そんな四十歳を優に超えた私に、誰しも想像だにしていなかった突然の男子出産でありました。
なにより八十四歳で嫡孫に巡り会えた父の思いは言葉で言いつくせぬものがあり、画家鷹山宇一は、この無上の喜びを、作品「小さな世界」で表現をしました。
生物の母体である海を主題に、波打ち際に遊んでいる小さな蟹を手前に描き、その子蟹を見守るがごとく波上に蝶が飛び、遙か水平線には、父の託した夢や希望が光り輝いている。― 文字通りの逸作であります。厚意で美術館に飾られているこの作品を見るたびに、溢れるばかりの父の愛情と、わが子を初めて抱いた時の感動が昨日のごとく甦ってきます。
お七夜の時、父はそっと赤ん坊を胸にし、「七年間は長生きしなければ坊やに忘れられてしまう。」と笑いながら、「よく生まれてきた。人間は生まれて来るだけで価値があるのだ。」と言葉を続けました。

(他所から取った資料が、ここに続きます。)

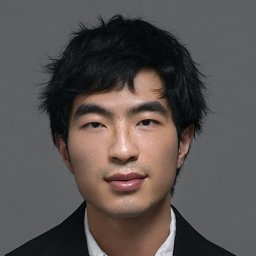 Han Shi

私たち娘が生まれた時、孫たちが誕生した時、又、己自身を奮い立たせるとき、父は何度かこの言葉を口にしたのだろう
― 人間は生まれて来ただけで価値がある ―
私もこの言葉を反芻しながら涙を押さえることができませんでした。
「風樹の嘆」の如き、孝養を尽くしたい時には親は待っていませんが、「小さな世界」は、私にできたたった一つの親孝行のまねごとでした。